EXERCISE BRIEF:
No pictures should appear in the copy; otherwise retype the entries exactly.

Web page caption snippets

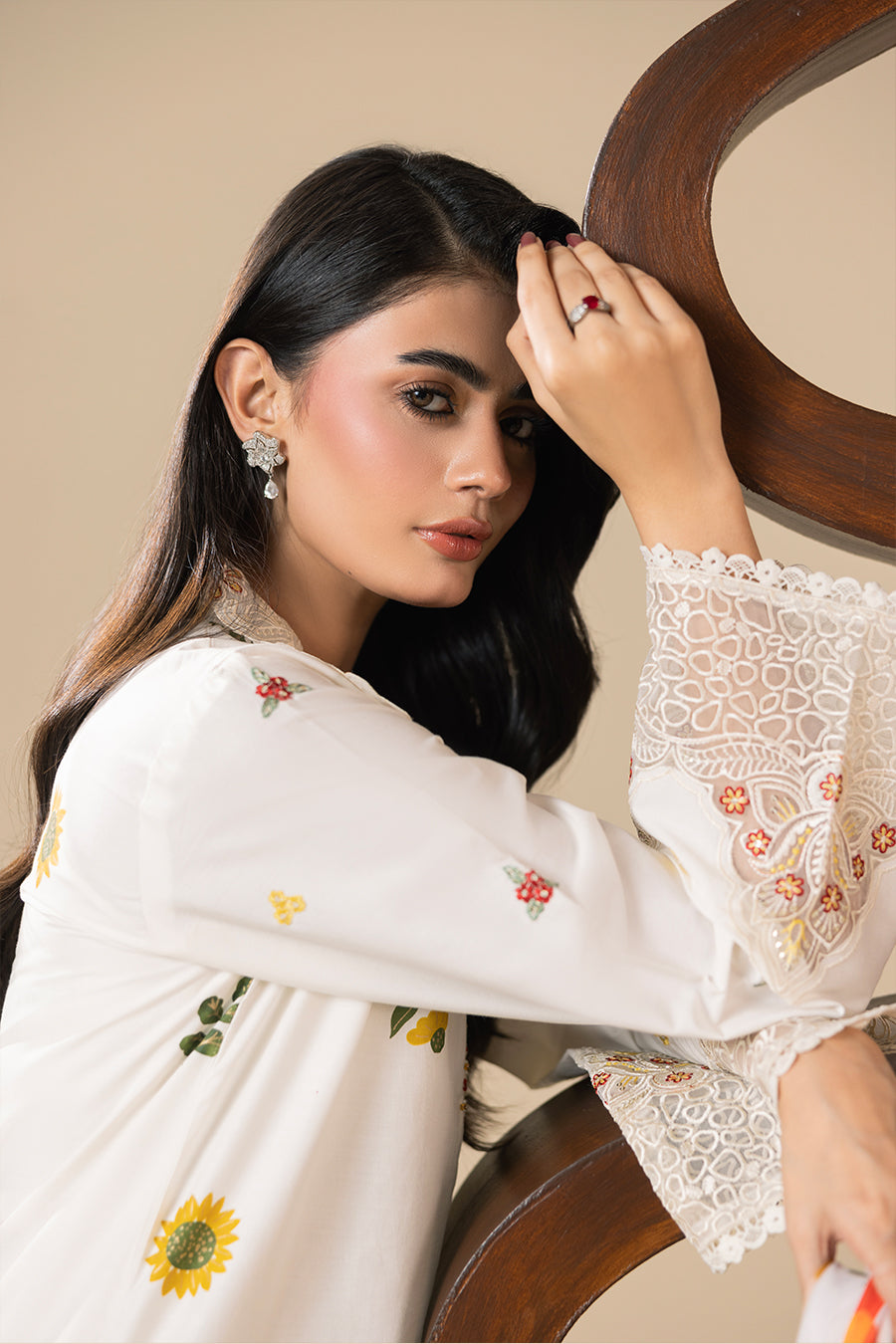 ZEENAT - 3PC PRINTED EMBROIDERED RAW SILK SHIRT PRINTED DUPATTA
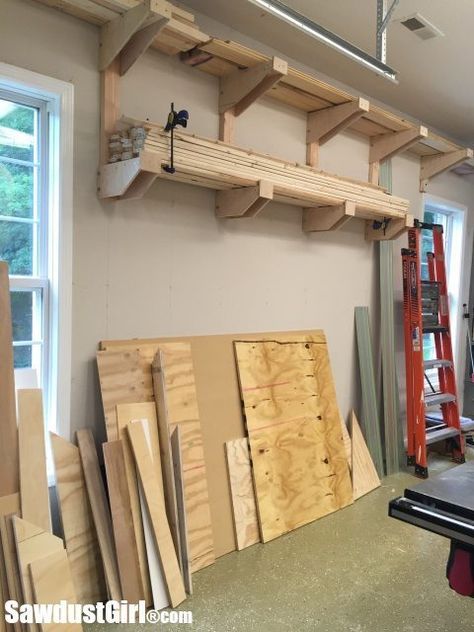 Lumber Storage Solutions - Sawdust Girl® Diy Lumber Storage, Lumber Storage Rack, Garage Projects, Lumber Rack, Work Shops, Wood Storage Rack, Lumber Storage, Garage Storage Solutions, Shop Projects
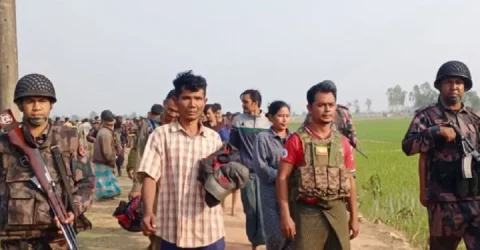 মিয়ানমার থেকে পালিয়ে এল আরও ১২৮ বিজিপি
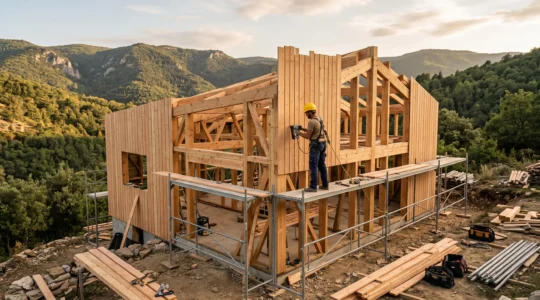 Chantier de construction d'une maison à ossature bois contemporaine avec structure apparente et ouvrier au travail dans un paysage montagneux de l'Ardèche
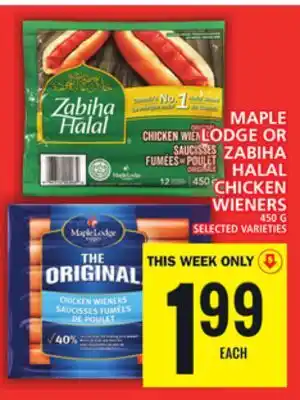 Food Basics Maple lodge or zabiha halal chicken wieners offer
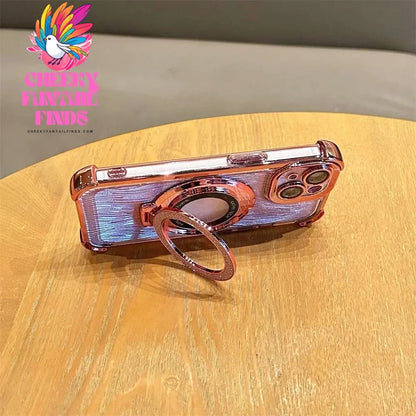 Glitter Water Ripple Magsafe Logo Hole Case For iPhone 14 15 Pro Max 13 Pro Folding Holder Cover For iPhone 16 Plus Hard Shell Cheeky Fantail Finds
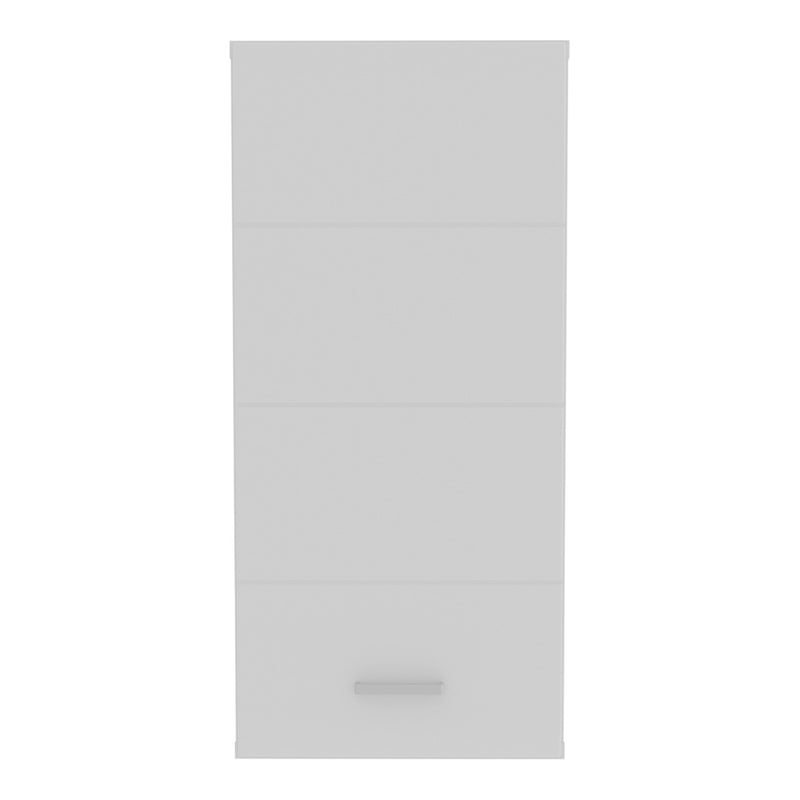 Ice Cave White Gloss Hanging Storage Cupboard with Silver Handle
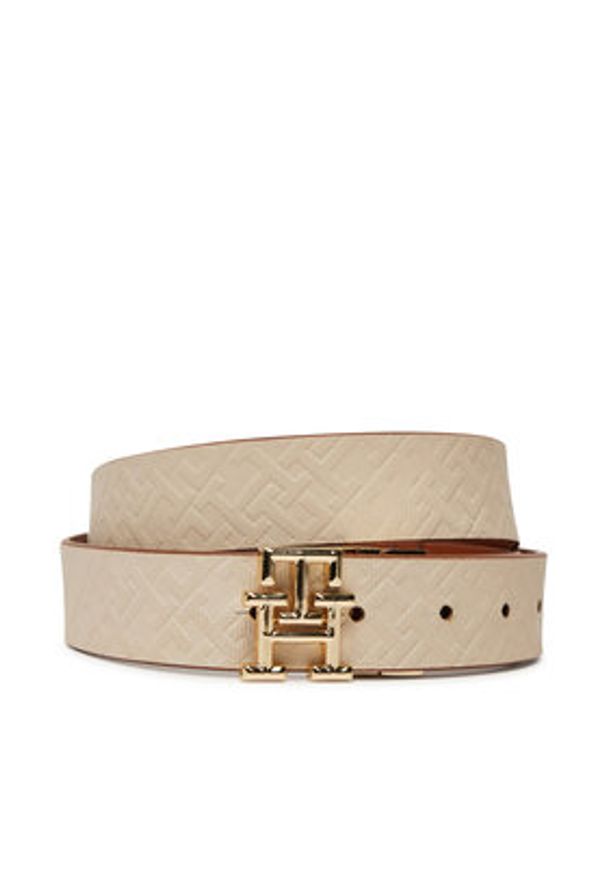 TOMMY HILFIGER - Tommy Hilfiger Pasek Damski Th Logo Rev 3.0 AW0AW17247 Brązowy. Kolor: brązowy. Materiał: skóra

SOLUTION TO THIS TASK:
 ZEENAT - 3PC PRINTED EMBROIDERED RAW SILK SHIRT PRINTED DUPATTA
 Lumber Storage Solutions - Sawdust Girl® Diy Lumber Storage, Lumber Storage Rack, Garage Projects, Lumber Rack, Work Shops, Wood Storage Rack, Lumber Storage, Garage Storage Solutions, Shop Projects
 মিয়ানমার থেকে পালিয়ে এল আরও ১২৮ বিজিপি
 Chantier de construction d'une maison à ossature bois contemporaine avec structure apparente et ouvrier au travail dans un paysage montagneux de l'Ardèche
 Food Basics Maple lodge or zabiha halal chicken wieners offer
 Glitter Water Ripple Magsafe Logo Hole Case For iPhone 14 15 Pro Max 13 Pro Folding Holder Cover For iPhone 16 Plus Hard Shell Cheeky Fantail Finds
 Ice Cave White Gloss Hanging Storage Cupboard with Silver Handle
 TOMMY HILFIGER - Tommy Hilfiger Pasek Damski Th Logo Rev 3.0 AW0AW17247 Brązowy. Kolor: brązowy. Materiał: skóra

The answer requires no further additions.